Model 2 replaces linear weights with career hits, runs, home runs and stolen bases. Additionally it includes controls for ballpark factor and run environment. I was personally surprised at how poorly it performed relative to the original model. This suggests that even though voters may not understand linear weights they look at more than just a few statistical categories.

Model 3 adds to model 1 the average winning percentage of a players teams as well as a dummy variable indicating whether he won a world series.
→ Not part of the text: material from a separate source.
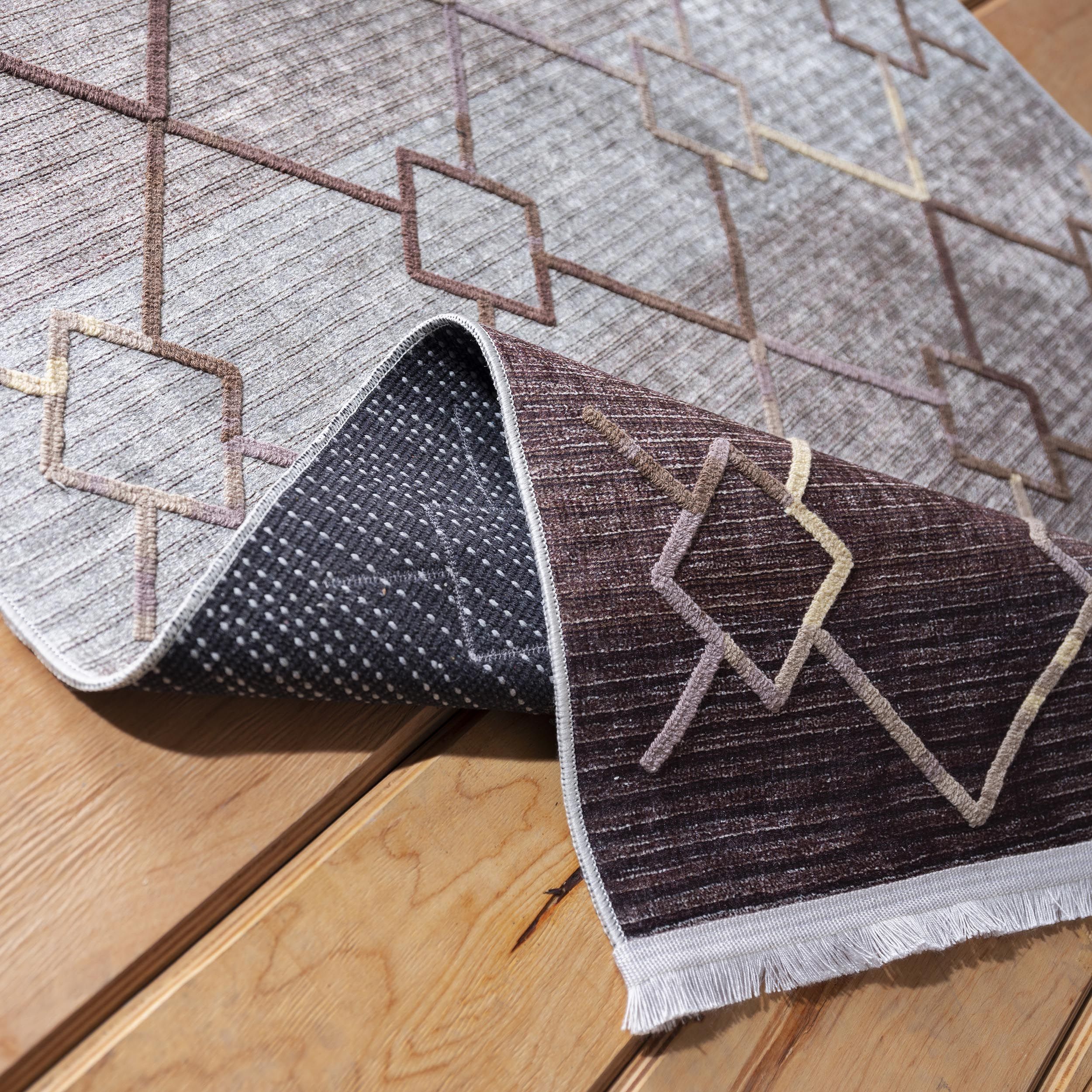 Tapis texturé gris-brun avec motifs géométriques beiges et bruns, partiellement roulé sur un plancher en bois clair, montrant sa frange et son envers à pois
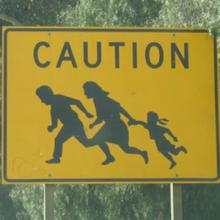 Thumbnail image of Immigrant Crossing Road Sign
I also experimented with variables that captured whether a player played in a major market, but these seemed unimportant. This specification might perform somewhat better, but the difference is likely small.

	Model 1	Model 2	Model 3
Pseudo-R2	0.7657	0.7684	0.7989
Log-Likelihood	-152.42	-150.31	-130.82
P > .5	0.7033	0.5102	0.7556
P > .05	0.6064	0.5313	0.6430
P > .01	0.5279	0.4686	0.5623

				Prob. Of Induction
Name	startyr	endyr	position	Model 1	Model 2	Model 3
Pete Rose	1963	1986	OF	100.0%	100.0%	100.0%
Bill Dahlen	1891	1911	SS	95.0%	93.0%	98.0%
Joe Torre	1960	1977	C	78.5%	69.4%	73.7%
George Van Haltren	1887	1903	OF	76.5%	76.9%	63.0%
Sherry Magee	1904	1919	OF	73.1%	42.7%	70.5%
Bob Elliott	1939	1953	3B	71.1%	61.4%	57.5%
Larry Doyle	1907	1920	2B	70.7%	55.4%	75.5%
Stan Hack	1932	1947	3B	70.2%	47.5%	74.0%
Dwight Evans	1972	1991	OF	66.1%	64.9%	69.7%
Rusty Staub	1963	1985	OF	65.4%	33.5%	39.3%
Jimmy Ryan	1885	1903	OF	63.5%	81.5%	49.0%
Bob Johnson	1933	1945	OF	63.3%	72.2%	21.8%
Dick Bartell	1927	1946	SS	57.6%	58.5%	43.5%
Dale Murphy	1976	1993	OF	55.7%	57.7%	14.1%
Keith Hernandez	1974	1990	1B	55.2%	21.3%	47.5%
Phil Cavarretta	1934	1955	1B	54.9%	38.9%	38.8%
Ted Simmons	1968	1988	C	52.9%	60.9%	41.2%
Vern Stephens	1941	1955	SS	46.8%	62.8%	35.8%
Dave Parker	1973	1991	OF	45.4%	65.2%	41.0%
George Burns	1911	1925	OF	42.5%	37.4%	76.3%
Joe Gordon	1938	1950	2B	39.8%	55.2%	74.8%
Joe Jackson	1908	1920	OF	27.1%	8.3%	28.7%
Jim Rice	1974	1989	OF	25.1%	45.1%	23.8%
Steve Garvey	1969	1987	1B	24.4%	45.0%	40.4%

The real difference between models 1 and 3 shows up when comparing players. Model 3 was particularly harsh on Professor Bradbury’s favorite player, Dale Murphy. According to it, Murphy’s chances were hurt by his lack of a World Series ring and the .443 winning percentage of the teams he played on.

I surprised by how well Joe Torre scored and also by how poorly Jim Rice scored. I should note that though predictions were generated for them, Pete Rose and Joe Jackson were not included in the initial regressions.

Next time I’ll look at the players who are enshrined with the lowest predicted probabilities.

2/9/07 Update: while working on the next parts I discovered a couple of minor mistakes in my code. The results did not change much, but the tables have been updated.